(Dataset entries)
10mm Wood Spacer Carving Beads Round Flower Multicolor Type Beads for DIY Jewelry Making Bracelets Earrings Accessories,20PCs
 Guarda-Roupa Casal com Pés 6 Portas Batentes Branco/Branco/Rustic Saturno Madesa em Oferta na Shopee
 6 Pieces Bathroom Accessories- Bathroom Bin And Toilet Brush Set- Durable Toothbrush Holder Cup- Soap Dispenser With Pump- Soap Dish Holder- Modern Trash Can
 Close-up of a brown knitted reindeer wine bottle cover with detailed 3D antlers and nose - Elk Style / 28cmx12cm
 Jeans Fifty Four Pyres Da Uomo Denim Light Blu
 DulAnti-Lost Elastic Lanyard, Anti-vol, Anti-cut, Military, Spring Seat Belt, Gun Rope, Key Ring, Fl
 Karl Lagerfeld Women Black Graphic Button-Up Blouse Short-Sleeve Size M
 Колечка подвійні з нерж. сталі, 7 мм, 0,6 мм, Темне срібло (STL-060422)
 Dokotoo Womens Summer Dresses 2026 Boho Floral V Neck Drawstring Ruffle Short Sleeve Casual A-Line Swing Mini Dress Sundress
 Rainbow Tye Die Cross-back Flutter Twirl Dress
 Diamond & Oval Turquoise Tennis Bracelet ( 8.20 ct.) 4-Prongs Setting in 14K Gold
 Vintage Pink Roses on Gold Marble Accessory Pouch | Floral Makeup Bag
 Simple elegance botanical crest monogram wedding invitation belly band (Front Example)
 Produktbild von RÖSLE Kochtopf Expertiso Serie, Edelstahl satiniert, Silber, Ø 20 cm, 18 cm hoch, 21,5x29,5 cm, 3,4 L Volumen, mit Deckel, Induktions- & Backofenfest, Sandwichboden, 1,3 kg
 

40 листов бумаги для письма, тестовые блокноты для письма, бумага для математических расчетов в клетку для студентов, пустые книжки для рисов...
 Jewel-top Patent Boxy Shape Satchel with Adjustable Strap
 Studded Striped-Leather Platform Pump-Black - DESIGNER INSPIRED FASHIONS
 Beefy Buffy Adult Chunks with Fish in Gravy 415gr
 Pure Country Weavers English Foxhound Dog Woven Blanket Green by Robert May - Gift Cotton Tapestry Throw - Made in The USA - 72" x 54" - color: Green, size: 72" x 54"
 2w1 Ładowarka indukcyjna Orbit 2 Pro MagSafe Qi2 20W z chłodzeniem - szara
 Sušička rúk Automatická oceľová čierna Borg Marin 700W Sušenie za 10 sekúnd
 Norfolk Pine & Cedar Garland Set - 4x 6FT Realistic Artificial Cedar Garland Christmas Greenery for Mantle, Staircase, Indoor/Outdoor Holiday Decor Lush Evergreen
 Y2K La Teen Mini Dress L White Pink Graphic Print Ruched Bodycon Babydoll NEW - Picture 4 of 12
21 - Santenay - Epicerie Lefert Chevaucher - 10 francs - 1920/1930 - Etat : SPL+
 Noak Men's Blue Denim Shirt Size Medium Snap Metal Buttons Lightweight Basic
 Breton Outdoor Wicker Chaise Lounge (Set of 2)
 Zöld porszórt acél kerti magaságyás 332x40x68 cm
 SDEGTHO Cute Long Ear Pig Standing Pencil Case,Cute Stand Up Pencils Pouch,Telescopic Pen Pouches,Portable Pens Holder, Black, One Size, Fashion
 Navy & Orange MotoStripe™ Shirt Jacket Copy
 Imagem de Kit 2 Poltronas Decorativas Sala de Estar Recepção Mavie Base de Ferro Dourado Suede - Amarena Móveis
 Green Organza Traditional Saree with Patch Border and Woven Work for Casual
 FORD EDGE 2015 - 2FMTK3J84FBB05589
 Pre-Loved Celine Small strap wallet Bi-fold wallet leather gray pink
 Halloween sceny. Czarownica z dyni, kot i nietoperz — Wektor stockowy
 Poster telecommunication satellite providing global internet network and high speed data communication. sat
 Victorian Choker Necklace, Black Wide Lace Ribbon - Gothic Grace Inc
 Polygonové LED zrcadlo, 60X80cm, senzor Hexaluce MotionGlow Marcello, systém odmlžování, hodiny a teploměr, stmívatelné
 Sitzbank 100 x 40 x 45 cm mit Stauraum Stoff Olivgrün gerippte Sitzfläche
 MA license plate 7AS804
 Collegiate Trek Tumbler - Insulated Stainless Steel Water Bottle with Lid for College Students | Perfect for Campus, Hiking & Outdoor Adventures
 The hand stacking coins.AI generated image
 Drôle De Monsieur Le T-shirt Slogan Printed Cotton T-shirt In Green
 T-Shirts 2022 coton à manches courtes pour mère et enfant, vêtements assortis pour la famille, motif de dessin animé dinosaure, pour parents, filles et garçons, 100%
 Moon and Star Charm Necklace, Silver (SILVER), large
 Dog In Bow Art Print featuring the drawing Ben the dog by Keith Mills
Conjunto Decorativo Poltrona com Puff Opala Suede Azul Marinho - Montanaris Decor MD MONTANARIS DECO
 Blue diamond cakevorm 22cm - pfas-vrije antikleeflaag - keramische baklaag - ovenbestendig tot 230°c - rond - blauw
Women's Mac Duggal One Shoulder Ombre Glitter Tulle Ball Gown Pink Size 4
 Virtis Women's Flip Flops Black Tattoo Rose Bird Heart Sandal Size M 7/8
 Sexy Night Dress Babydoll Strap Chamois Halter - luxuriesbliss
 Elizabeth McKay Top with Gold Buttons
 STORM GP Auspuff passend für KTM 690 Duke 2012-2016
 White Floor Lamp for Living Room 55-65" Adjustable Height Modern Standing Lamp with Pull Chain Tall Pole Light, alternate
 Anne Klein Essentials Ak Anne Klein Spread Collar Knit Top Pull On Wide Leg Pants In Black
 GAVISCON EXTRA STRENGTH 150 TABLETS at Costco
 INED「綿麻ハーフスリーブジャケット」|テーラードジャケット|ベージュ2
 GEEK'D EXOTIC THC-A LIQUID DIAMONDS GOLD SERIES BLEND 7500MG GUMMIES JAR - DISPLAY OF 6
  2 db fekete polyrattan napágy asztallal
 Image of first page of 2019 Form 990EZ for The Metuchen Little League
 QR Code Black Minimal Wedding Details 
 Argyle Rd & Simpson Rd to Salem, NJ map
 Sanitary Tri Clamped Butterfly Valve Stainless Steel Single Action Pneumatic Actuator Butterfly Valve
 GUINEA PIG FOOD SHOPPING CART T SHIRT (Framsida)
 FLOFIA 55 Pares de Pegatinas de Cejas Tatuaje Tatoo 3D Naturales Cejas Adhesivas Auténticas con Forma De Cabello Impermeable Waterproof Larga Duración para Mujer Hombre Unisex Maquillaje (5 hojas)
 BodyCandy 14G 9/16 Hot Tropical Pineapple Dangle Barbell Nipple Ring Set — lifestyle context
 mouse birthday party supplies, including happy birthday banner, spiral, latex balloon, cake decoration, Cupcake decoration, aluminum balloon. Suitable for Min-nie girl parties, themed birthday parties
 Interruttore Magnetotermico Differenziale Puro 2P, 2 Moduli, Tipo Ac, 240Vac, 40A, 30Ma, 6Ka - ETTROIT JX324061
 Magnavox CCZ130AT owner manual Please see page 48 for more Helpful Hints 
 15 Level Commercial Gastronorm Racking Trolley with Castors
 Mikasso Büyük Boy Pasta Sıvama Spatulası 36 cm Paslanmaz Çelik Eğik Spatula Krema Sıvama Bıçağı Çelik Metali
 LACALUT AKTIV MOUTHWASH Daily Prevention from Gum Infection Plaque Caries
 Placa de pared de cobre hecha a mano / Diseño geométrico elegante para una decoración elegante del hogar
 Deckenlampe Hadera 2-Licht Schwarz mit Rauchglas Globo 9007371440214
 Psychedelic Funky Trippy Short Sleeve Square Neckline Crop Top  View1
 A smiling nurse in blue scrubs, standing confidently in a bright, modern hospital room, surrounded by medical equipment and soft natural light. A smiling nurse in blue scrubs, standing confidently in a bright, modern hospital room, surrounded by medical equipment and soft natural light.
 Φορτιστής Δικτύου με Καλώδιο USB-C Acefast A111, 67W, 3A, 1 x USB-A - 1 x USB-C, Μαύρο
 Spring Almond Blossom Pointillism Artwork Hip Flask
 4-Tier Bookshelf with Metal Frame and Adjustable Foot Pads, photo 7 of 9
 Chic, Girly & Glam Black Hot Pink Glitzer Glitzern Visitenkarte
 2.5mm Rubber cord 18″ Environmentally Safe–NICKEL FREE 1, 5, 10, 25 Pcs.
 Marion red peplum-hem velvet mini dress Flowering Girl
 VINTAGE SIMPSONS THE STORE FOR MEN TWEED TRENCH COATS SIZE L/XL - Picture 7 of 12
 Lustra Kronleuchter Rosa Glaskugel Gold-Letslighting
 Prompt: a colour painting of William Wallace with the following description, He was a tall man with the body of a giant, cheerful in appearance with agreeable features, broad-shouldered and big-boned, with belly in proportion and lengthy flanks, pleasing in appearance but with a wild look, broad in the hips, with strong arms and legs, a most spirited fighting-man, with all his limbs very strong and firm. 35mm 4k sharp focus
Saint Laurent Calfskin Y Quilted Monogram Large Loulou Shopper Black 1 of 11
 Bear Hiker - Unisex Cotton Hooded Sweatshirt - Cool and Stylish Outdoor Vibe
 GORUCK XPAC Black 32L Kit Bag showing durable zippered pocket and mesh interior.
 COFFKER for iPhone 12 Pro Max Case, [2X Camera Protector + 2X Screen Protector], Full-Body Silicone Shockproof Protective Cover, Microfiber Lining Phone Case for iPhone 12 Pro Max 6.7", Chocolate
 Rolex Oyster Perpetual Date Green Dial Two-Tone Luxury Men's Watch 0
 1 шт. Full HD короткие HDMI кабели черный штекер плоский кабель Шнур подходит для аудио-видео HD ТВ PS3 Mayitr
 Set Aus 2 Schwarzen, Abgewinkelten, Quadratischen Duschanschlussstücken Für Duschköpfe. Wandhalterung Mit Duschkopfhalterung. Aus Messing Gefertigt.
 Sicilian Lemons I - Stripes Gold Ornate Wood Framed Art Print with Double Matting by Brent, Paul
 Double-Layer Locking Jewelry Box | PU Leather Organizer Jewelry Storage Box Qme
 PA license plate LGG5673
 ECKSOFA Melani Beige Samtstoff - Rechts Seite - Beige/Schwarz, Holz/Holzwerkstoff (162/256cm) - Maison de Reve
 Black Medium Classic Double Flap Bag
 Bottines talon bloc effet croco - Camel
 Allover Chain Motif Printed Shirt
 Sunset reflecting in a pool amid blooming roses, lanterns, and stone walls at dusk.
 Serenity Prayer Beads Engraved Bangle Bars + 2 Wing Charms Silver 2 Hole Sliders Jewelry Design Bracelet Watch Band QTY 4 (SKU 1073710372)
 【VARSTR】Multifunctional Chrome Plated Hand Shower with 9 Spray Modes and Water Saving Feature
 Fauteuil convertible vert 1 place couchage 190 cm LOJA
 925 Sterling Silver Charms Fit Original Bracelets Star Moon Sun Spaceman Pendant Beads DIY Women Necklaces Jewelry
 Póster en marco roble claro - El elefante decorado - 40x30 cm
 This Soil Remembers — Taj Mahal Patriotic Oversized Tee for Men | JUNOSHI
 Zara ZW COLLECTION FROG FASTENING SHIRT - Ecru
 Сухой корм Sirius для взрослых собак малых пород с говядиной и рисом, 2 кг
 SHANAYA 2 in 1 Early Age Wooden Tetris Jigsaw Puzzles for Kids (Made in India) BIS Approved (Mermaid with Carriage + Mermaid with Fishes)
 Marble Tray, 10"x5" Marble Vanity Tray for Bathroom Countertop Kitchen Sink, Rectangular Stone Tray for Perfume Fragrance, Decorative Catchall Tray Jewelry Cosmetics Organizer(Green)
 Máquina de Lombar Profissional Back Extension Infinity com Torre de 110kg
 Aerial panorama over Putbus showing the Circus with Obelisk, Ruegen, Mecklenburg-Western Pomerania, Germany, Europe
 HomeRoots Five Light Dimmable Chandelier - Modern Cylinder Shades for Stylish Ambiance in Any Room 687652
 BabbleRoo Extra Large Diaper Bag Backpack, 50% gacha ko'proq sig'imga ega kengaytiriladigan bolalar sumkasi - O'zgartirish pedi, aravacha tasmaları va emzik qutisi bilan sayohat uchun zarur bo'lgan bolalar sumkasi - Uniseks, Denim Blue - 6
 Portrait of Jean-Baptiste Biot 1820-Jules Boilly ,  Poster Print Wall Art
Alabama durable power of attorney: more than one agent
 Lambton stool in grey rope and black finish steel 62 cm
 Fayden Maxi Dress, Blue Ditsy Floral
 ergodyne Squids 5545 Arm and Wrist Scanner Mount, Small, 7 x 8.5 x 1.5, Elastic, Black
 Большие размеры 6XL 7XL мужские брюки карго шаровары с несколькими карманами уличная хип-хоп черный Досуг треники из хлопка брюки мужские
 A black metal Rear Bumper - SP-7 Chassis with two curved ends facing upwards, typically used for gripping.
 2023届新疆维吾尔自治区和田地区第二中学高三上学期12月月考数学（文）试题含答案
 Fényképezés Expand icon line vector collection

» **Prompt**
Your answer must be the lines from the first line of the entries above through the line that contains "2w1 Ładowarka indukcyjna", written out exactly.

» **Response area**
10mm Wood Spacer Carving Beads Round Flower Multicolor Type Beads for DIY Jewelry Making Bracelets Earrings Accessories,20PCs
 Guarda-Roupa Casal com Pés 6 Portas Batentes Branco/Branco/Rustic Saturno Madesa em Oferta na Shopee
 6 Pieces Bathroom Accessories- Bathroom Bin And Toilet Brush Set- Durable Toothbrush Holder Cup- Soap Dispenser With Pump- Soap Dish Holder- Modern Trash Can
 Close-up of a brown knitted reindeer wine bottle cover with detailed 3D antlers and nose - Elk Style / 28cmx12cm
 Jeans Fifty Four Pyres Da Uomo Denim Light Blu
 DulAnti-Lost Elastic Lanyard, Anti-vol, Anti-cut, Military, Spring Seat Belt, Gun Rope, Key Ring, Fl
 Karl Lagerfeld Women Black Graphic Button-Up Blouse Short-Sleeve Size M
 Колечка подвійні з нерж. сталі, 7 мм, 0,6 мм, Темне срібло (STL-060422)
 Dokotoo Womens Summer Dresses 2026 Boho Floral V Neck Drawstring Ruffle Short Sleeve Casual A-Line Swing Mini Dress Sundress
 Rainbow Tye Die Cross-back Flutter Twirl Dress
 Diamond & Oval Turquoise Tennis Bracelet ( 8.20 ct.) 4-Prongs Setting in 14K Gold
 Vintage Pink Roses on Gold Marble Accessory Pouch | Floral Makeup Bag
 Simple elegance botanical crest monogram wedding invitation belly band (Front Example)
 Produktbild von RÖSLE Kochtopf Expertiso Serie, Edelstahl satiniert, Silber, Ø 20 cm, 18 cm hoch, 21,5x29,5 cm, 3,4 L Volumen, mit Deckel, Induktions- & Backofenfest, Sandwichboden, 1,3 kg
 

40 листов бумаги для письма, тестовые блокноты для письма, бумага для математических расчетов в клетку для студентов, пустые книжки для рисов...
 Jewel-top Patent Boxy Shape Satchel with Adjustable Strap
 Studded Striped-Leather Platform Pump-Black - DESIGNER INSPIRED FASHIONS
 Beefy Buffy Adult Chunks with Fish in Gravy 415gr
 Pure Country Weavers English Foxhound Dog Woven Blanket Green by Robert May - Gift Cotton Tapestry Throw - Made in The USA - 72" x 54" - color: Green, size: 72" x 54"
 2w1 Ładowarka indukcyjna Orbit 2 Pro MagSafe Qi2 20W z chłodzeniem - szara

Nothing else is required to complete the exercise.